Dear Father in Heaven,

I know you know me. I know you Love me, because I know that the Atonement of Christ is real. I know Jesus Christ was sent to this Earth to suffer for the sins of the world and my personal sins. I know you send trials to strengthen us. I know that I am not and have not been the most worthy of your children. Yet I thank you for your mercy and your love. I thank you for Your great charity.

But Father, why did you give my dear sweet Anne and I this trial? Why am I thus struck practically infertile? Surely you know that I have desired children since my teenage years, since taking care of my precious nephew Jackson. Through him I had a taste of parenthood. A taste that made me desire to be a parent of all else. Yet I am struck thus. Have I been that unworthy of the trust for fatherhood? Am I that poorly of a man? If so, why humble me this way? To deny me posterity in this way? I know not thy wisdom.

My God, I feel as if thou hast forsaken me. Taken me away that which I desire most in my life. In my pride I desire acclamations and recognitions, yet surely thou knowest that in my heart of hearts that all I wish for is children. That is what I desire most. To have children.

Dear Lord, why? Please give me wisdom soon. "Help thou my unbelief."

-Sean


I just don't know how I will do it. Perhaps you can hear the cries of my heart and soul.  I don't know how to express the overwhelming sadness and depression that ways so heavily on my soul. I am just incapable of doing so through writing.

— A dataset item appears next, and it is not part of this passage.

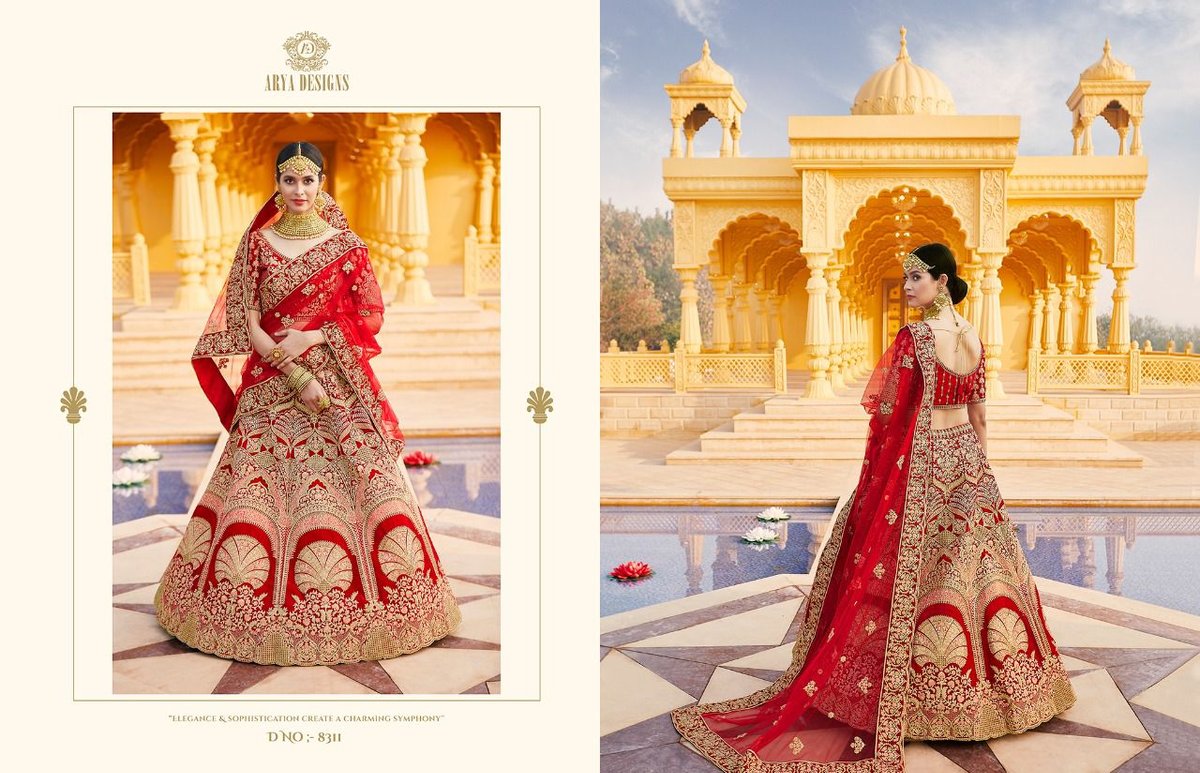 Arya Designs Gulkhand Vol-4 8311-8320 Series 1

For those of you who read this please for the sake of my beloved sweet Anne, please be mindful of what you say. She is more heartbroken than I. Yet Anne has been the savior of the moment. Her heart of such faith and strength. She is so good. Please understand that Anne loves her friends but how difficult it is to watch you be pregnant than say you need to do this or do that. We don't necessarily want your advice, for we know the Lord will guide us. We need your support. Your ability to "Mourn with those that Mourn."

I am still uncomfortable with having anyone know this as I have yet to turn this from "my" to "our" problem. Please show Anne the utmost of your Love.